P18 Groaland

Un itinerario di circa 7,5 km per tutte le età e per tutte le stagioni che permette di scoprire Balestrino dall’alto. Un vero parco dei divertimenti a cielo aperto, adatto per essere percorso a piedi a qualsiasi passo, ma anche con MTB o a cavallo.
Il percorso è estremamente panoramico e in alcuni punti i passaggi sullo spartiacque della Val Varatella permettono una visione a 360° della costa ligure e del primo entroterra.
Il punto di partenza comune per tutti e tre i percorsi del parco outdoor nel comune di Balestrino è situato nel parcheggio ai piedi del castello dei Marchesi del Carretto, che domina imponente il vecchio borgo. Si trova al centro del paese, a lato della strada provinciale che attraversa l’abitato.
Sei pronto a partire?
Lasciati il parcheggio alle spalle, attraversa la strada provinciale, quindi costeggia il vecchio stabile che ospitava le scuderie del Marchese del Carretto e prendi il sentiero in salita in direzione Levante, in prossimità dei vecchi lavatoi, dove potrai anche fare rifornimento d’acqua. Stai percorrendo parte del sentiero Terre Alte, la cui denominazione è dovuta al fatto che si distacca dai percorsi costieri per inoltrarsi nell’entroterra, seguendo antichi tracciati usati per i collegamenti tra la costa e la pianura padana. Prosegui sul sentiero in salita tracciato con segnaletica CAI fino ad arrivare all’altopiano del Praè, dove oltre al fantastico panorama potrai vedere una delle ultime fornaci da calce rimasta quasi intatta.

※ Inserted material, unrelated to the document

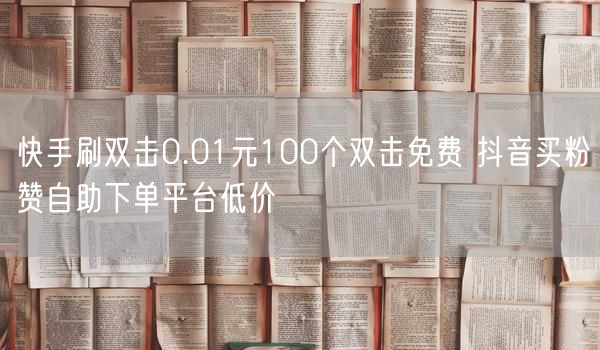 快手刷双击0.01元100个双击免费 抖音买粉赞自助下单平台低价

Il sentiero incontra una strada che attraversa una pineta: prosegui in salita e tieni la DX fino ad arrivare a un quadrivio, da cui dovrai prendere la strada sterrata in direzione mare sempre tenendo la DX.

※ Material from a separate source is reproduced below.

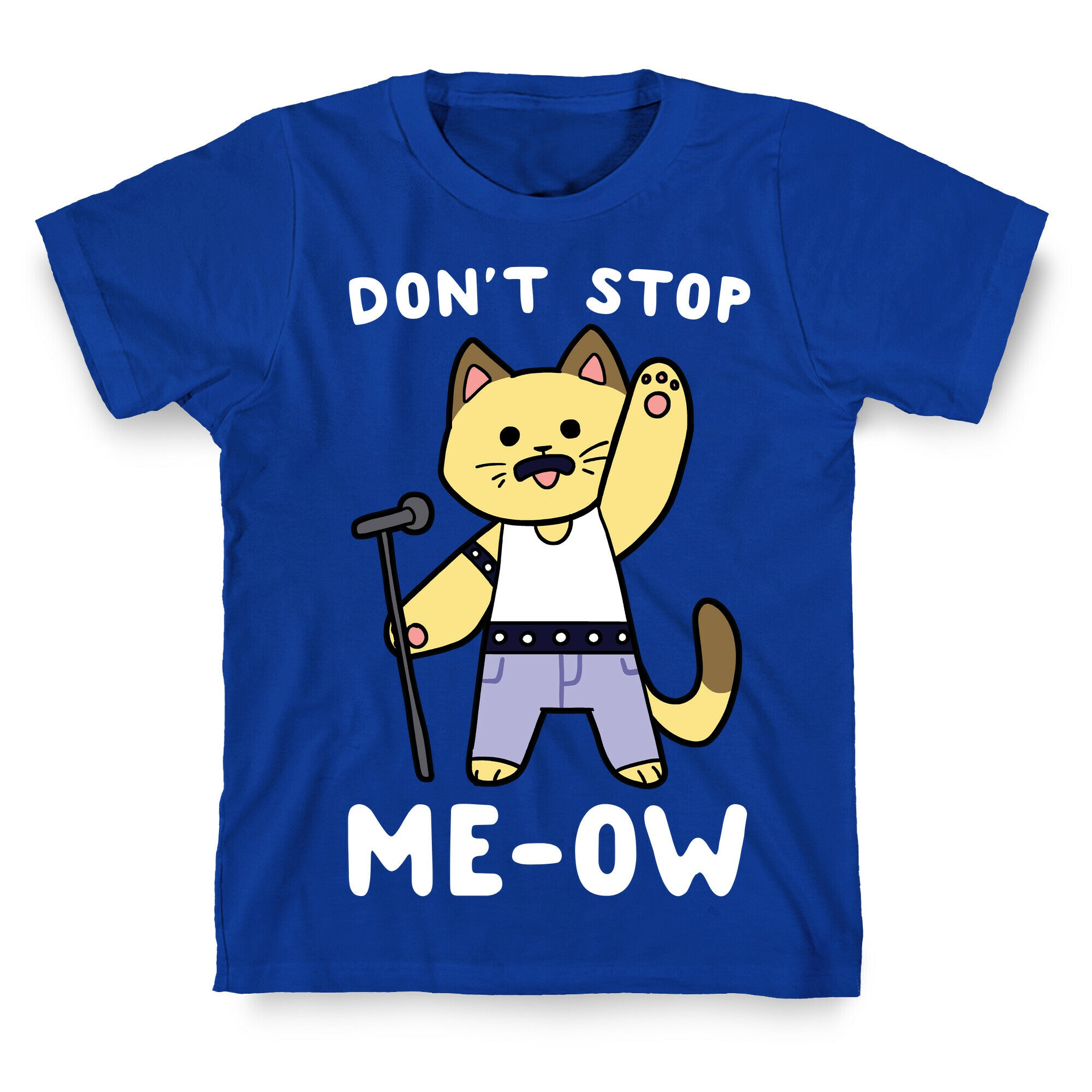 Don't Stop Me-ow T-Shirt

Proseguendo sulla strada puoi notare a SX una variante, che con un ripido sentiero ti porta rapidamente su una piccola cima denominata Croce del Borgo; la strada ed il sentiero si incontrano nuovamente poco dopo.
Continua a percorrere la strada sterrata e, dopo un percorso che si altalena tra piccole discese e salite (non abbandonando mai la strada principale, dalla quale si può godere di ottimi scorci panoramici su Loano e sulla costa, su Toirano e sul massiccio del Carmo), dopo il Poggio di Balestrino, passando per una brusca discesa, arrivi ai prati della località Groa, punto di decollo per gli appassionati di parapendio. Gira a SX, continua a percorrere la strada leggermente in salita in direzione levante e tenendo sempre la SX vai in direzione delle montagne fino a raggiungere un bivio.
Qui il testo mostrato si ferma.